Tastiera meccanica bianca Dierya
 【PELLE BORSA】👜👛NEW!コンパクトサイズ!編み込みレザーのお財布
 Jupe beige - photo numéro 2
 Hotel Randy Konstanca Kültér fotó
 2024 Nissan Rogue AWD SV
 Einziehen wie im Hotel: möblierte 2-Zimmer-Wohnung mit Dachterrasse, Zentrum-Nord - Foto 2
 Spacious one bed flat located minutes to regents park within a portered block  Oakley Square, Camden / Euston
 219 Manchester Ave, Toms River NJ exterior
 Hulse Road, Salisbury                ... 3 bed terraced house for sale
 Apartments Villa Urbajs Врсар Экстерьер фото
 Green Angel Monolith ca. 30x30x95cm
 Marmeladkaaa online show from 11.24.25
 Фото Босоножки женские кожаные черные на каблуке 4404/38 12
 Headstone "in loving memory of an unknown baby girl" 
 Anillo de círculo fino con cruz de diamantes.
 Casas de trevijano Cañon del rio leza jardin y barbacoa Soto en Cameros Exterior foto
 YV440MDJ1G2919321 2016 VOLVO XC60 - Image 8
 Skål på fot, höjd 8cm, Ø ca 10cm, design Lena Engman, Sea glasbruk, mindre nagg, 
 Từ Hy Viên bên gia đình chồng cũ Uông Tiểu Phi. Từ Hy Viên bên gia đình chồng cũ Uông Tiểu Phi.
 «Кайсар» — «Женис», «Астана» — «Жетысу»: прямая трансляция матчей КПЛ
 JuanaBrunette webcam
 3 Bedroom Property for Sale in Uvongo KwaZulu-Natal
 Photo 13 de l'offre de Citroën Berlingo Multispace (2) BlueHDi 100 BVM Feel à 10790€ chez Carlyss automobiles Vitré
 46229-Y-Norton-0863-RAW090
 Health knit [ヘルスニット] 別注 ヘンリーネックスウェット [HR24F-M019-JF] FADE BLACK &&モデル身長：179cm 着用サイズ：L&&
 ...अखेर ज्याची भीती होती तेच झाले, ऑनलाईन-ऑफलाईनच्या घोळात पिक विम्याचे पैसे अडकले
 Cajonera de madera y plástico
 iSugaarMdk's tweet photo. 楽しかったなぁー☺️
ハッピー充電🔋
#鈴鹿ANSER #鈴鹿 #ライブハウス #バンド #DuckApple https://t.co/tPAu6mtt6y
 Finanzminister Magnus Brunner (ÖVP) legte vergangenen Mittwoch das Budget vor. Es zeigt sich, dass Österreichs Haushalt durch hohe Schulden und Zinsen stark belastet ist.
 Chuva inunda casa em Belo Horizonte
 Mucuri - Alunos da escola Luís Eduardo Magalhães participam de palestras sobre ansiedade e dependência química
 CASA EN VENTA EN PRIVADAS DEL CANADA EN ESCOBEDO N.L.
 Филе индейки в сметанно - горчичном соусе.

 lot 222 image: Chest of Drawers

+++

From the first line of the records to the line containing "3 Bedroom Property", inclusive, transcribe everything exactly and leave out the rest.

- **Written response**
Tastiera meccanica bianca Dierya
 【PELLE BORSA】👜👛NEW!コンパクトサイズ!編み込みレザーのお財布
 Jupe beige - photo numéro 2
 Hotel Randy Konstanca Kültér fotó
 2024 Nissan Rogue AWD SV
 Einziehen wie im Hotel: möblierte 2-Zimmer-Wohnung mit Dachterrasse, Zentrum-Nord - Foto 2
 Spacious one bed flat located minutes to regents park within a portered block  Oakley Square, Camden / Euston
 219 Manchester Ave, Toms River NJ exterior
 Hulse Road, Salisbury                ... 3 bed terraced house for sale
 Apartments Villa Urbajs Врсар Экстерьер фото
 Green Angel Monolith ca. 30x30x95cm
 Marmeladkaaa online show from 11.24.25
 Фото Босоножки женские кожаные черные на каблуке 4404/38 12
 Headstone "in loving memory of an unknown baby girl" 
 Anillo de círculo fino con cruz de diamantes.
 Casas de trevijano Cañon del rio leza jardin y barbacoa Soto en Cameros Exterior foto
 YV440MDJ1G2919321 2016 VOLVO XC60 - Image 8
 Skål på fot, höjd 8cm, Ø ca 10cm, design Lena Engman, Sea glasbruk, mindre nagg, 
 Từ Hy Viên bên gia đình chồng cũ Uông Tiểu Phi. Từ Hy Viên bên gia đình chồng cũ Uông Tiểu Phi.
 «Кайсар» — «Женис», «Астана» — «Жетысу»: прямая трансляция матчей КПЛ
 JuanaBrunette webcam
 3 Bedroom Property for Sale in Uvongo KwaZulu-Natal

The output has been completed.